DiGregorio was a third-year archaeology Ph.D. student. He was working at a site in western Turkey with the Central Lydia Archaeological Survey, a BU research project.
Boston University archaeology professor Curtis Runnels was DiGregorio’s dissertation and academic advisor. Runnels said DiGregorio was a passionate man with a brilliant mind.
“Chad was a rising star, a consummate young scientist on the cusp of a brilliant career,” he said in an email to The Daily Free Press. “He had a first-rate mind, and a passion for archaeology, particularly the early Paleolithic of the Mediterranean world.”
Runnels said he had known DiGregorio since 2008. He said the two worked together for years, and that DiGregorio worked as his editorial assistant at the Journal of Field Archaeology, where Runnels is the editor-in-chief.
Colin Riley, BU spokesman, said DiGregorio apparently died from a fall after slipping near an archaeological site.
“It appears that he had been up on the side of a hill,” Riley said. “It’s steep and rugged terrain, where he was, and it looks like he slipped and fell.”
Runnels said DiGregorio had gone to explore a prehistoric site on his day off.
“He had gone missing because he hadn’t returned when expected for dinner, so they began a search and they were able to figure out where he had gone hiking and maybe exploring for future research opportunities,” Riley said. “[A search party was] able to find where he had been and locate his body.”
Riley said DiGregorio was from Upton, Mass. Runnels said he graduated from Providence College in Rhode Island.
Runnels said DiGregorio anticipated a career in the field, and was a young mind full of potential for scientific discovery.
“His loss is not only a great personal loss for all of his family and loving friends, but is truly a loss for science,” Runnels said. “After 40 years as a professional, Chad was the student who I thought would surpass us all, and contribute more to the knowledge of the world than any of his teachers or mentors.”

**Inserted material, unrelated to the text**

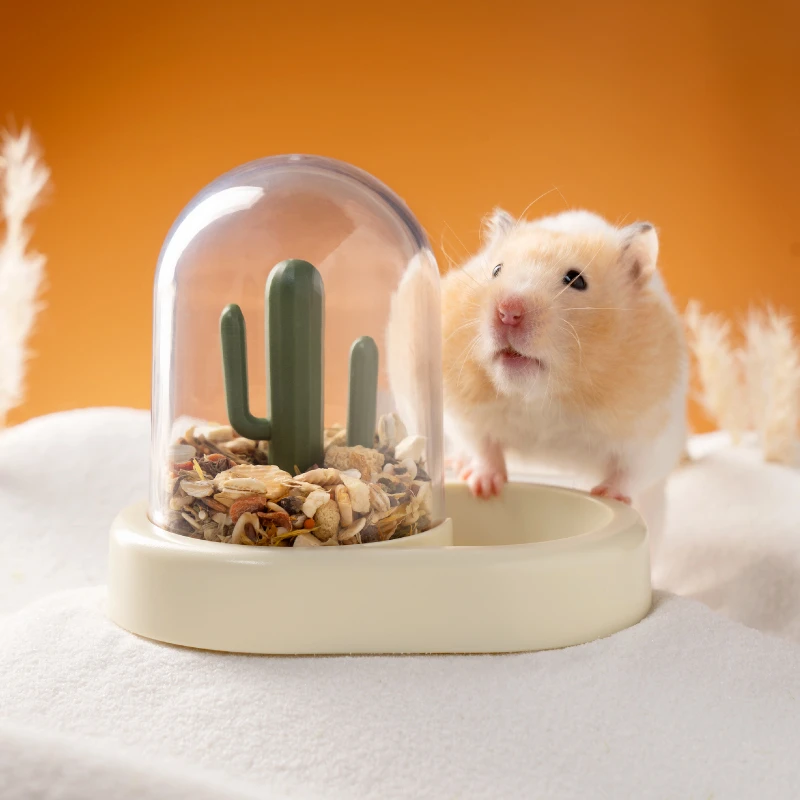 喵乎汪也 仓鼠自动喂食器碗粮食盆小专用金丝熊投食机小仓鼠用品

Friends and family of DiGregorio mourned the loss on Facebook.
“We will all miss you, Chad. You were a damn fine archaeologist and an even better human being,” posted Allison Cuneo, a fellow archaeology Ph.D. candidate and teaching fellow at BU.
Chad’s sister, Deanna DiGregorio, posted a picture of she and her brother to her wall with a mournful message.
“You have always been my driving force to be better; you’re my hero,” she posted. “I love you so much and I will treasure every moment I got to spend with you, [C]had. I miss you and will everyday. I am going to make you proud.”